What I have been doing: Been treating using prazipro as per directions. I am close to being down my 4th week of treatment. The females barbs have showed a drastic change in their color (improvements), the males are doing better too. Richer and more darker color to be clear. 

Even after the almost 4 weeks of meds some fish are still flashing but their color is now really good. I am not sure if its gill flukes or not because the meds should of taken care of them by now.

Also since gill fluke eggs resides in the substrate, you would think my corys would be worse off then my barbs... I even have young cory fry in this tank and they are all fine..

I just don't get it, I am at a loss of what to do and how to resolve this. But for my sanity, I need this to be over with so I can stop worrying about my pets that I care for.

If anyone have some suggestions I am open, I will try anything.

Thanks!


----------



## PARAGUAY (29 Nov 2015)

Well its a suggestion and all I can help with is what I would do,first of all I have no idea about the medication you use, i use the ESha ones its likely its parastic skin problem esHa covers all such as opposed to other meds doing individual problems plus you can use the esHA range if needed together-exit-2000 etc.Can you set up quarantine tank,tested water?Do some water changes in the meantime ,stop feeding the fish,what ever med you use check all species are ok,coris and cats withit if you cant set up hospital tank. Good luck


----------



## philipraposo1982 (29 Nov 2015)

here is a video of the tank, maybe seeing what is going on might help id the cause.  

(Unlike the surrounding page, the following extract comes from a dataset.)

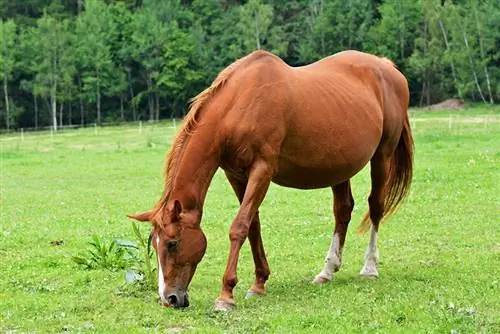 Jak długo konie są w ciąży? (Okres ciąży) Vet Reviewed Science & Fakty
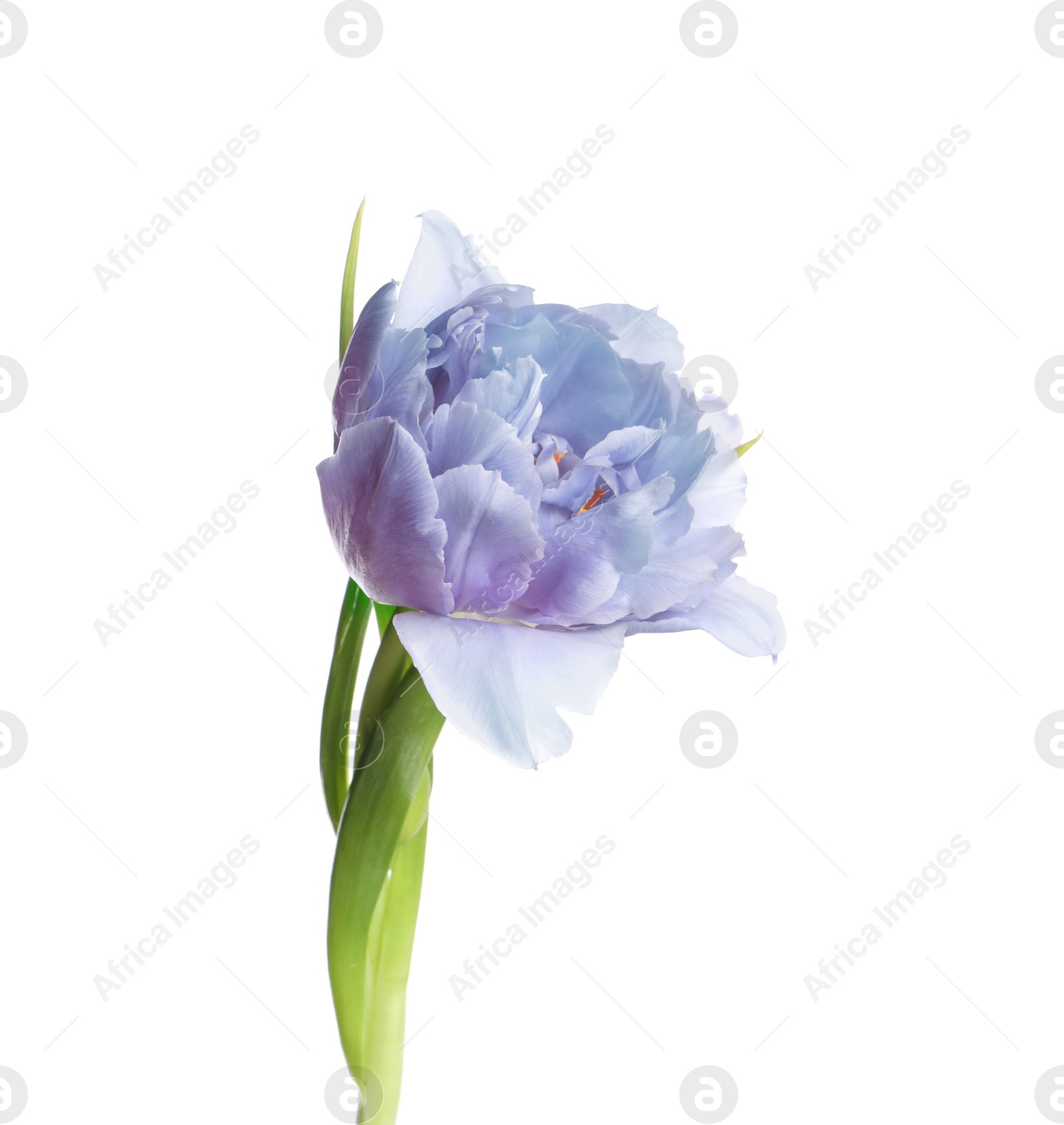 Image of Beautiful blue tulip isolated on white. Bright flower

The last two days, I performed 2 60% water changes and while the flashing isn't often or consistent, its still happening.

I can't imagine my nitrates are so high that even after 2 large water changes its still irritating some barbs.  Also, if it was nitrates, i would think it would bother my corys and my otos.


----------



## philipraposo1982 (29 Nov 2015)

here is another video (underwater)


----------



## ceg4048 (30 Nov 2015)

Hi,
    Nitrates are not responsible for irritating any fish. Fish do not really care about high nitrates.
Irritants would more likely be attributable to a parasitic or pathogen attack. There may be other chemical causes such as ammonia, chlorine and so forth.

In any case, increasing frequency and size of water changes is always a good thing.

Cheers,


----------



## rebel (30 Nov 2015)

If you can catch the sick fish and treat them with a slightly higher dose of meds perhaps would be interesting to try? Then you don't need to overdose the whole tank and risk other issues.


----------



## alto (30 Nov 2015)

ceg4048 said:


> Nitrates are not responsible for irritating any fish. Fish do not really care about high nitrates


Are you basing this upon scientific journal published articles?

Back when I was reading biochemistry papers, N- modified proteins were isolated from fish kept in high nitrate environments ... as I recall one study was done with Discus, N-labeled proteins were observed at nitrate levels above 10ppm ... 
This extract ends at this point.